__Items listed in a dataset__
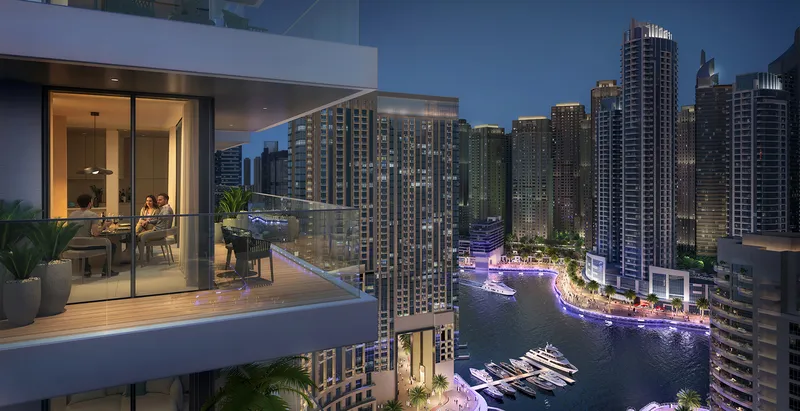 Render of a Marina Cove balcony at night overlooking the Dubai Marina canal and towers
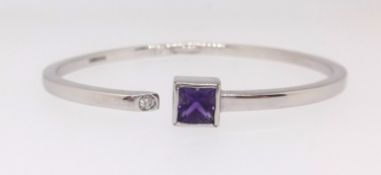 A 9ct amethyst and diamond contemporary styled bangle.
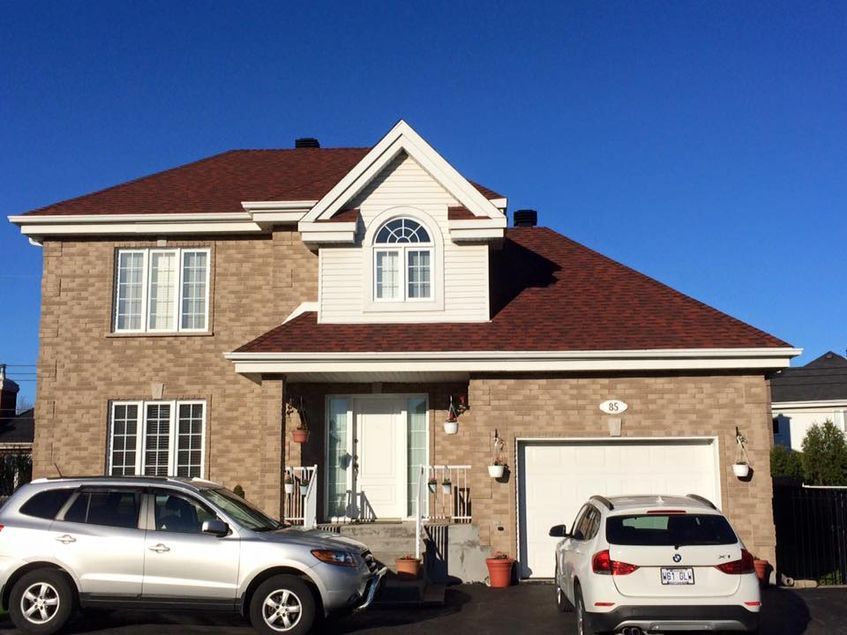 Two cars are parked in front of a house with a red roof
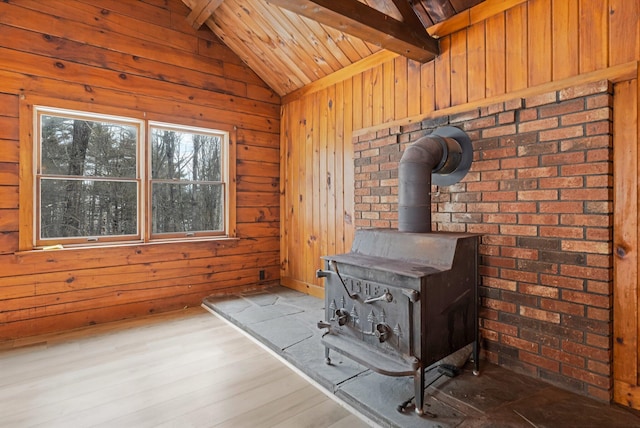 room details with a wood stove, wood walls, and beamed ceiling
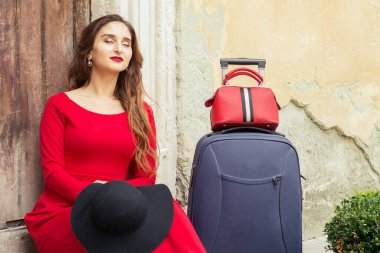 Kadın, şehrin eski ahşap kapısının üzerinde dinlenmek için merdivenlere oturdu..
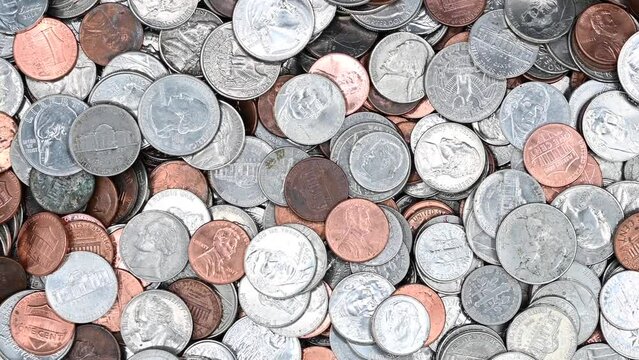 4K HD video panning down dirty American coins laying on a flat surface. Quarters, dimes, nickels and pennies.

__Aim of the exercise__
Output all of the entries verbatim, leaving out any images.

__Exercise solution__
 Render of a Marina Cove balcony at night overlooking the Dubai Marina canal and towers
 A 9ct amethyst and diamond contemporary styled bangle.
 Two cars are parked in front of a house with a red roof
 room details with a wood stove, wood walls, and beamed ceiling
 Kadın, şehrin eski ahşap kapısının üzerinde dinlenmek için merdivenlere oturdu..
 4K HD video panning down dirty American coins laying on a flat surface. Quarters, dimes, nickels and pennies.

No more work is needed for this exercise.